To solve these problems, you will need to use the concept of z-scores, which is calculated as (X - μ) / σ. Here, X represents the value you want to find the probability for, μ represents the mean, and σ represents the standard deviation.
a. To find the probability that the battery will last less than 250 hours, you need to find the area under the normal curve to the left of 250 hours. Calculate the z-score using the formula:
z = (250 - 300) / 75
Now, you need to find the probability corresponding to this z-score. You can use a z-table or a statistical calculator to find the cumulative probability. For example, using a z-table, find the value closest to -1.33 (the z-score calculated), you would find that the corresponding area is 0.0918.
So, the probability that the battery will last less than 250 hours is approximately 0.0918 (rounded to 4 decimal places).
b.
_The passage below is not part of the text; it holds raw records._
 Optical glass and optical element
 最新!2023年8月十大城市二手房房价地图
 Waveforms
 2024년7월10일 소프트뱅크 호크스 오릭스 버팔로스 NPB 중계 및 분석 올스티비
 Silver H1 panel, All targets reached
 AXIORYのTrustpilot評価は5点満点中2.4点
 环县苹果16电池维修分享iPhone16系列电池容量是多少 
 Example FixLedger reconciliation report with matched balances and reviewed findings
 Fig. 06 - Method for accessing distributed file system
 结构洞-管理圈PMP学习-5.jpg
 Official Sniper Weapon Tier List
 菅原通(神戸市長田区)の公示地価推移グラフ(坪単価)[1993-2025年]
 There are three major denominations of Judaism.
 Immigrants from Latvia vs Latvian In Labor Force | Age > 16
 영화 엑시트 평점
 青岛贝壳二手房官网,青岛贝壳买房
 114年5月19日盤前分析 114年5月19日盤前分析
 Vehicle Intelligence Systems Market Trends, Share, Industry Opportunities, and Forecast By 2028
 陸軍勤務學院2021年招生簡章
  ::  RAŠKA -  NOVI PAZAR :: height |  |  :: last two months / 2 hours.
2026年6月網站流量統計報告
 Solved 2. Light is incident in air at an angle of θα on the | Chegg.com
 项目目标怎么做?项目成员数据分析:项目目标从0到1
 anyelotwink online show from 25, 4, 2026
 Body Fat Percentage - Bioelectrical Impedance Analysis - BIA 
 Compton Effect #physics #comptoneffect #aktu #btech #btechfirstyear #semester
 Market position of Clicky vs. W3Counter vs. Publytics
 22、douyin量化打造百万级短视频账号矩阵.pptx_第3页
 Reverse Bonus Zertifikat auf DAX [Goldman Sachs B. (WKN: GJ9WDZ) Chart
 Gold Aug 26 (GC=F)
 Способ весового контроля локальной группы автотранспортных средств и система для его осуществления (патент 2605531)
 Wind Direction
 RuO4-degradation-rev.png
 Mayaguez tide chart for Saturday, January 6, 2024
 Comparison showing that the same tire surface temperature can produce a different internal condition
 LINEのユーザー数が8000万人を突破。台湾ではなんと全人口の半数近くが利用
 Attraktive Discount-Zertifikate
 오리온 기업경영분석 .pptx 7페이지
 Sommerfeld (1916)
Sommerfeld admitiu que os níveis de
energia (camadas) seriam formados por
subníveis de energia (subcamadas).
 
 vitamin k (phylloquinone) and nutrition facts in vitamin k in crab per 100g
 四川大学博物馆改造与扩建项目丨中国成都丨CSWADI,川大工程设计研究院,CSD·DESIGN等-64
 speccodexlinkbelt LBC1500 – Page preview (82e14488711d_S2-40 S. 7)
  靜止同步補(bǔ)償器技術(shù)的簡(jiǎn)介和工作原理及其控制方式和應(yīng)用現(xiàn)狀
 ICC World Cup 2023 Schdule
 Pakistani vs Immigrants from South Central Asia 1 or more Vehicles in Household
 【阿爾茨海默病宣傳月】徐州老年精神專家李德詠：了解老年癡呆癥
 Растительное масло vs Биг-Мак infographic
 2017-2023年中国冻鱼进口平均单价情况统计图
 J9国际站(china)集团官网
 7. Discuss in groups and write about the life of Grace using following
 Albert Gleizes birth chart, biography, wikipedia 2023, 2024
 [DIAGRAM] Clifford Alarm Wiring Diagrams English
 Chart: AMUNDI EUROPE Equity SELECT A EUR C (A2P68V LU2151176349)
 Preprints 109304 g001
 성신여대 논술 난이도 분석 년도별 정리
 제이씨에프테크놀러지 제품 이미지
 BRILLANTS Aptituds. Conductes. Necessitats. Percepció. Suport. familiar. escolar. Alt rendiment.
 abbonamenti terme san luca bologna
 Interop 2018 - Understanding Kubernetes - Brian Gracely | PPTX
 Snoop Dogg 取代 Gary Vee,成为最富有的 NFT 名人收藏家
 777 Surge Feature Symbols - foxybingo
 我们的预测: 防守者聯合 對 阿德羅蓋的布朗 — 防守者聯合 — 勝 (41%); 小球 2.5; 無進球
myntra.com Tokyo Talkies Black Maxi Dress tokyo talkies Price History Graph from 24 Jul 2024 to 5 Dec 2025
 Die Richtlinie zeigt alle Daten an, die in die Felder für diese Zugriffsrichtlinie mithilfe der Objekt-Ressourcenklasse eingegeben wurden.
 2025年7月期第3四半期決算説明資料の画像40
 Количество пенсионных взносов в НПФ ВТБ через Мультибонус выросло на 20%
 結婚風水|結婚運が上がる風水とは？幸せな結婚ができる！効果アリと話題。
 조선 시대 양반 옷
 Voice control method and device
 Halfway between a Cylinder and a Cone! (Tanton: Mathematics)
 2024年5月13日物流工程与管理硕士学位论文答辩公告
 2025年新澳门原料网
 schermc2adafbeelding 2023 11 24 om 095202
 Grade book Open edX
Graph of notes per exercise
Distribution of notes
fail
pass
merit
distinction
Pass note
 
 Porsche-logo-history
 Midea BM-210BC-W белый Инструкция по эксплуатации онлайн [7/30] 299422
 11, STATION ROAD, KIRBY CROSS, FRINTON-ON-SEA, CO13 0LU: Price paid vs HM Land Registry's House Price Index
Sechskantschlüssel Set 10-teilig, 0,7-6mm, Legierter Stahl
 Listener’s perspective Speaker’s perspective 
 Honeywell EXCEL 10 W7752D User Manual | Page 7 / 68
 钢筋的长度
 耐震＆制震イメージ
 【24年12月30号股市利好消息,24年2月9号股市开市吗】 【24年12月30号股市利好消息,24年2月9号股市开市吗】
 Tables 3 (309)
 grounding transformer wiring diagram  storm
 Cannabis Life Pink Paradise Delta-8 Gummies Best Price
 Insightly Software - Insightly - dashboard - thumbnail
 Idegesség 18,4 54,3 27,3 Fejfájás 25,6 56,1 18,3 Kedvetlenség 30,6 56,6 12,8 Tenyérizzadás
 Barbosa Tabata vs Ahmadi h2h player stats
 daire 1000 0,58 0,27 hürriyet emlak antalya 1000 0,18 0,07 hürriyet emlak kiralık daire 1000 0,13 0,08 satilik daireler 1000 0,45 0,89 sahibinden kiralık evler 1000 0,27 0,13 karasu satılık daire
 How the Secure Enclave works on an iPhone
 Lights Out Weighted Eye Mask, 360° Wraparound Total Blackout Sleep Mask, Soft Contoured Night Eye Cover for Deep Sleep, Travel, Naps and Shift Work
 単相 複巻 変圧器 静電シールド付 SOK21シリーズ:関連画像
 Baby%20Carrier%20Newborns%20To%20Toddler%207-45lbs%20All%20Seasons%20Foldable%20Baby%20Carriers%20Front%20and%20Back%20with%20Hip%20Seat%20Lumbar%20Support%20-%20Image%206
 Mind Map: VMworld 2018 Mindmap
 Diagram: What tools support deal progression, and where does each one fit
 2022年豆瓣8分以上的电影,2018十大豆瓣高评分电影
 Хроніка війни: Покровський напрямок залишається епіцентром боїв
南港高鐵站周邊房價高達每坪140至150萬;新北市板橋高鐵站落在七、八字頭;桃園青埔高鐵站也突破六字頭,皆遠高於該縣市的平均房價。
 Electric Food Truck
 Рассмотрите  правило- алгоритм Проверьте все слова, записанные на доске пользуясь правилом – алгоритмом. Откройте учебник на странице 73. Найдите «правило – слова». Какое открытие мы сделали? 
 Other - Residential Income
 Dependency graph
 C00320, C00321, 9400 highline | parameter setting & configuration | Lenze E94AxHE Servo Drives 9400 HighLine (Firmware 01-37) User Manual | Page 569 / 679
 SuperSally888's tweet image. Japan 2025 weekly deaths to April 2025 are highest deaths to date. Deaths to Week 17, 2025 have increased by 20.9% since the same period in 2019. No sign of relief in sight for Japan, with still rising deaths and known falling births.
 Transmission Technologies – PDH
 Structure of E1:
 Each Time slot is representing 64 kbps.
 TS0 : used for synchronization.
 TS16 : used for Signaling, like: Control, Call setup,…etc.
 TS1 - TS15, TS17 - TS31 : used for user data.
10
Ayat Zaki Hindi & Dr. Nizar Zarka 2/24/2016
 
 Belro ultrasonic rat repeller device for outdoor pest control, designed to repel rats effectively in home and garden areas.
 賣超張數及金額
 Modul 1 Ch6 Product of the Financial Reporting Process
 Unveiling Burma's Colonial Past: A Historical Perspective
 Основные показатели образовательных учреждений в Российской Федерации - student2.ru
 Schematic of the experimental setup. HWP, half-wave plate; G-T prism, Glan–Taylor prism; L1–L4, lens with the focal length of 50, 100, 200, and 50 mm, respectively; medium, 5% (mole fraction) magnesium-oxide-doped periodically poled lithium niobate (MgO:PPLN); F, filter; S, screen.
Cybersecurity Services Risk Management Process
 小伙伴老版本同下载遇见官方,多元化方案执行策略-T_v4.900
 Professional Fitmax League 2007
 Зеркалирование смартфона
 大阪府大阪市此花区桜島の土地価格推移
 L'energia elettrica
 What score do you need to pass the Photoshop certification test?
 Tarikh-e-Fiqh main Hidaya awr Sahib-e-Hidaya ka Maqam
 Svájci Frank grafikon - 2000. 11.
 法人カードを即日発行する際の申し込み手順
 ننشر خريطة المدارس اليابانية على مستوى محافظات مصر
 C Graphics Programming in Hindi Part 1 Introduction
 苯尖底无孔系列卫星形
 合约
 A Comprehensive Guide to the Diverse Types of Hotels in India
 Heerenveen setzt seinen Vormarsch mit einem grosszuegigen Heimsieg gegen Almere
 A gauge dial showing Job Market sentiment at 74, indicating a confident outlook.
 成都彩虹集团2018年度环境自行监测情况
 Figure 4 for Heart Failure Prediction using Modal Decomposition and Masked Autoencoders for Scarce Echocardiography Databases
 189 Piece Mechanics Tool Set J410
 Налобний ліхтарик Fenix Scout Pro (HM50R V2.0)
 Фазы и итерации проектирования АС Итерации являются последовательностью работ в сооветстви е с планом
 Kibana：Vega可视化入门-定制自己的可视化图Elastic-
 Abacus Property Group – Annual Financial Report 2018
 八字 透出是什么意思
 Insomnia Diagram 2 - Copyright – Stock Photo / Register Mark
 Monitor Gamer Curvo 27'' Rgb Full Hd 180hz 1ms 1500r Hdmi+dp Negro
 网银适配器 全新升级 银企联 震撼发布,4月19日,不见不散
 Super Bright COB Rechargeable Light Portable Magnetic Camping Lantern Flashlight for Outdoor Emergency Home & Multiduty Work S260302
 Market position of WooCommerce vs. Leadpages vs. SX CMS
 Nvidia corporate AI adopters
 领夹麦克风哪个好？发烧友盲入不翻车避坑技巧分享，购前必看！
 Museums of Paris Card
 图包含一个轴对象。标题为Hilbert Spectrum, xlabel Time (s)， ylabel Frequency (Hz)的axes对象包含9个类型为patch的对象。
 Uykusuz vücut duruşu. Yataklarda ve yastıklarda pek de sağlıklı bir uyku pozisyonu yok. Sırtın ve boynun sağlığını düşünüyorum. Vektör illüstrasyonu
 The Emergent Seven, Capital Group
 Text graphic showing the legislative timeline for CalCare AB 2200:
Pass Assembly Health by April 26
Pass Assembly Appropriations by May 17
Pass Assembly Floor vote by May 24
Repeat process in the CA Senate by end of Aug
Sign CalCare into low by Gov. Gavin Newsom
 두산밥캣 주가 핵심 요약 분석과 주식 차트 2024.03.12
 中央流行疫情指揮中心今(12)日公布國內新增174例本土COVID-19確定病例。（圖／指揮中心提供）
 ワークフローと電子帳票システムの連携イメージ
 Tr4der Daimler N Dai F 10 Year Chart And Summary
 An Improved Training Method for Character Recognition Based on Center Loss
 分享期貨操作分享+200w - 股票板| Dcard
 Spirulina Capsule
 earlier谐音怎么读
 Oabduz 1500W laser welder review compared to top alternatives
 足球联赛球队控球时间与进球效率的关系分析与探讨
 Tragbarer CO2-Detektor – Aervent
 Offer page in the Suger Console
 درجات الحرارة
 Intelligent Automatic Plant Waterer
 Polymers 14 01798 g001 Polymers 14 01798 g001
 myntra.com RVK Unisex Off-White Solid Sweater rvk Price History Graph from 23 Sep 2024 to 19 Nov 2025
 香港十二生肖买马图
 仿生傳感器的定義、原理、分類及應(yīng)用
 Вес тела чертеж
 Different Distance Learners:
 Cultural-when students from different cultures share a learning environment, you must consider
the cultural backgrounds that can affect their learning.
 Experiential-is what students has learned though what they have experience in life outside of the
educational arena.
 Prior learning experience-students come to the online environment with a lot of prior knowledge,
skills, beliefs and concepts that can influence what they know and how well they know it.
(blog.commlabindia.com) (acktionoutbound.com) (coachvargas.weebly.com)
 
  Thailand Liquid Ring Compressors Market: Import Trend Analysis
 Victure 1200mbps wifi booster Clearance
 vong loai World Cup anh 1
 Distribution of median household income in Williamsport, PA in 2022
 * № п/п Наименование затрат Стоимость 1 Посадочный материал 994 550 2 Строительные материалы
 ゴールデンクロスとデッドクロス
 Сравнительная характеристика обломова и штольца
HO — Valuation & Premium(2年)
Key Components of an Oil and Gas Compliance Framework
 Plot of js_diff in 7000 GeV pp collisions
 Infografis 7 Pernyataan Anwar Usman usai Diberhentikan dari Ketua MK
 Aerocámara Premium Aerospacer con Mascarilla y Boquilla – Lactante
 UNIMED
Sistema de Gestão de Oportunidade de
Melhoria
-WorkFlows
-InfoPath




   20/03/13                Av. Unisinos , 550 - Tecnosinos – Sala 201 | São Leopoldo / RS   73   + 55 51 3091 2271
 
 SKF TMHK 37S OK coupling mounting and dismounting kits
To find the probability that the battery will last between 225 and 375 hours, you need to find the area under the normal curve between those two values.
First, calculate the z-scores for both values:
z1 = (225 - 300) / 75
z2 = (375 - 300) / 75
Using the z-table, find the probabilities corresponding to z1 and z2. For example, you would find that the area to the left of z1 is 0.1056 and the area to the left of z2 is 0.8944.
The probability between these two values is the difference between the two probabilities:
P(225 < X < 375) = 0.8944 - 0.1056 = 0.7888
So, the probability that the battery will last between 225 and 375 hours is approximately 0.7888 (rounded to 4 decimal places).
c. To find the probability that the battery will last more than 400 hours, you need to find the area under the normal curve to the right of 400 hours.
Calculate the z-score:
z = (400 - 300) / 75
Using the z-table, find the probability corresponding to the z-score. For example, you would find that the area to the left of z is 0.9332.
The probability that the battery will last more than 400 hours is 1 minus this value:
P(X > 400) = 1 - 0.9332 = 0.0668
So, the probability that the battery will last more than 400 hours is approximately 0.0668 (rounded to 4 decimal places).
Note: Make sure to use the correct tail (left or right) of the normal curve depending on the question.